3.2.3 Number density and average size of non-metallic inclusions

Two steel samples were analyzed for non-metallic inclusions number density and average size. As shown in Figure 7(a), the number densities of inclusions in both experiments were quite similar at LF arrival, 13.5 and 15.5 mm−2, respectively. During the refining process, the number density of inclusions in steel with Al2O3–MgO·Al2O3-lining ladle is much lower than in the case of Al2O3-lining ladle. Especially, the former has an inclusion number density of 14.8 mm−2 during LF departure, while the latter is 43.1 mm−2. This suggests that the use of Al2O3–MgO–Al2O3 lining-ladle is beneficial to the cleanliness of the molten steel. During casting, the steel refined with an Al2O3-lining ladle experiences a significant decline in inclusion number density from 43.1 to 14.6 mm−2, as shown in Figure 5(c) and (d). This reduction is attributed to the removal of CaO–Al2O3 inclusions. Conversely, the steel refined with Al2O3–MgO·Al2O3-lining ladle experienced an increase in inclusion density during the casting, rising from 16.8 to 24.6 mm−2.

Figure 7 Number density (a) and average size of non-metallic inclusions (b).
Figure 7

Number density (a) and average size of non-metallic inclusions (b).

Based on analyzing the average inclusion size from both experiments as shown in Figure 7(b), it is observed that at LF arrival, the inclusions in steel have a similar average size from the two experiments, ranging from 2.0 to 2.3 μm. However, as the refining process progressed and reached LF departure, the steel refined with an Al2O3-lining ladle exhibited notably smaller average inclusion sizes compared to the Al2O3–MgO·Al2O3-lining ladle. At the end of electrode heating and LF departure, the average inclusion sizes were 1.35 and 1.56 μm for the Al2O3-lining ladle. This suggests that the use of an Al2O3-lining ladle effectively controlled the growth of inclusions. During the LF departure and casting process, CaO–Al2O3 inclusions are removed from the steel in the Al2O3-lining ladle. However, there are many large-sized MgO–Al2O3 inclusions in the steel, resulting in an increase in the average inclusion size to 2.2 μm. In contrast, the average size of inclusions in the steel refined with an Al2O3–MgO·Al2O3-lining ladle decreased from 1.9 to 1.6 μm during the LF departure and casting stages.

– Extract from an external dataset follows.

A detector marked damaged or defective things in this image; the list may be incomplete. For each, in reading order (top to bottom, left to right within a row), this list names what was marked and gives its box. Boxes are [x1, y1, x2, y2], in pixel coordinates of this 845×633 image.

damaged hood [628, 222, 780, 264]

3.3 Number and number ratio of CaS inclusions in steel

The number of CaS inclusions in steel samples from two experiments was counted, as well as its ratio among all inclusions. Only composite inclusions with a CaS greater than 5 wt% were considered. The results are presented in Figure 8. The number of CaS inclusions in the steel was relatively low when the Al2O3-lining ladle was used. The number of CaS inclusions peaked at LF departure at 3.9% of all inclusions.

Figure 8 Number and number ratio of CaS inclusions. (The column shape in the figure represents the total number of CaS inclusions detected on the steel sample when using two types of ladle liners. The red and black spherical markings indicate the proportion of CaS inclusions to all inclusions).
Figure 8

Number and number ratio of CaS inclusions. (The column shape in the figure represents the total number of CaS inclusions detected on the steel sample when using two types of ladle liners. The red and black spherical markings indicate the proportion of CaS inclusions to all inclusions).

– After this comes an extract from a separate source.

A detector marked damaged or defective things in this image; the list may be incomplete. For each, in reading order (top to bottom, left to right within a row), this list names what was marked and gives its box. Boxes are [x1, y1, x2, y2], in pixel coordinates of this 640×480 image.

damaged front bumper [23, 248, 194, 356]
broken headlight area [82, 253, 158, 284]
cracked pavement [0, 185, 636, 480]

Conversely, when using an Al2O3–MgO·Al2O3-lining ladle, the quantity of CaS inclusions at all sampling points is significantly higher. Upon LF arrival, the number of CaS inclusions in the steel sample is 54, accounting for 19.3% of the total. After the end of electrode heating, lime is added to the ladle for slag making, which leads to an increase in the number of CaS inclusions. At this point, the number of CaS is 138, accounting for 19.1% of all inclusions. During LF departure and Tundish casting, the number of CaS in the steel decreases but remains significantly higher than in steel refined with an Al2O3-lining ladle. This indicates that refining Al-killed steel using an Al2O3-lining ladle effectively prevents the formation of CaS inclusions in the steel.

4 Discussion

4.1 Effect of ladle-lining refractories on the formation of MgO–Al2O3 inclusions

In the refining process of Al-killed steel, the formation of MgO–Al2O3 inclusions is common. These inclusions are formed due to the interaction between [Al] in the steel and MgO in the refining slag or ladle-lining materials, as described in equation (6). When [Mg] is reduced and enters the steel, it further reacts with [Al] or Al2O3 in the steel to form MgO–Al2O3, as shown in equations (7) and (8) [25]. Therefore, it is widely accepted that the refining slag and MgO-containing refractory materials are the primary sources of MgO–Al2O3 inclusions in steel.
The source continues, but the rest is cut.